Arkadië - (Arkadia) Bergachtige streek in het centrum van de Peloponnesos, die pas in de 4e eeuw v.C. in het zuidwesten een toegang had tot de zee, bij de stad Phigaleia. Alleen in het zuiden van Arkadië lagen enkele kleine vruchtbare vlakten, nl. bij Mantinea en Megalopolis, Orchomenos en Tegea. De bewoners beweerden de oudste bevolking van Griekenland te zijn en aan de invallen van de Doriërs het hoofd te hebben geboden. Zij spraken er een Arkado-Kyprisch dialect (zie Griekse dialecten, vierde groep) dat men wel eens onder het oude Archaïsch vermeld ziet. Arkadië heeft nooit een belangrijke rol gespeeld in de Griekse politiek. De landelijke bevolking woonde in kleine dorpen samen en de herders, die hun kudde weidden langs de flanken van de bergen, gaven aan het land zijn pastoraal karakter, dat de dichters, als Theokritos, tot hun ‘herdersgedichten’ inspireerde. De Arkadiërs zelf waren kranige kerels, die zich van in het begin van de 5e eeuw v.C. als huurlingen ten dienste van vreemde heersers stelden. Van ongeveer het midden van de 6e eeuw v.C. evenwel stond Arkadië onder Spartaanse hegemonie. In de 4e eeuw v.C. werd een Arkadische Bond gesticht, onder impuls van de Thebaan Epameinondas, tegen Sparta. Later zijn de Arkadiërs in de Achaïsche Bond opgegaan.

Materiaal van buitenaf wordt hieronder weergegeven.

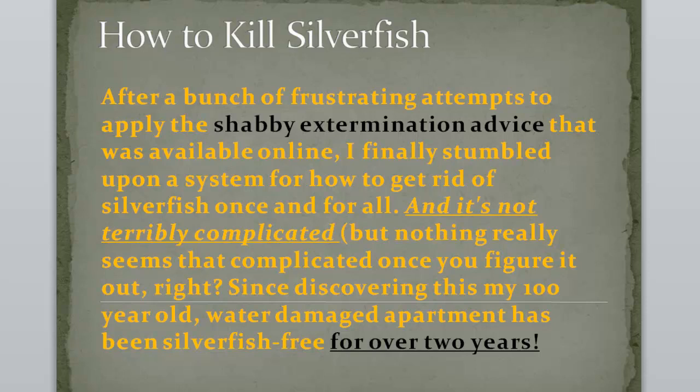Nothing really seems that complicated once you figure it out, right? Since discovering this, my 100-year-old water-damaged apartment has been silverfish-free for over two years.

Op religieus gebied was de eredienst van Zeus het belangrijkst. Zeus zou er geboren zijn (volgens lokale mythen) op de Lykaeonberg, waar hij een heiligdom had. Een kapel voor Poseidon stond in Mantinea. Een beroemde tempel van Apollo werd opgericht te Bassae bij Phigaleia. Op het fries van de cella werd de strijd tussen Kentauren en Lapithen afgebeeld, alsook een gevecht tussen Grieken en Amazonen. Ook Pan werd er als een Arkadische godheid vereerd.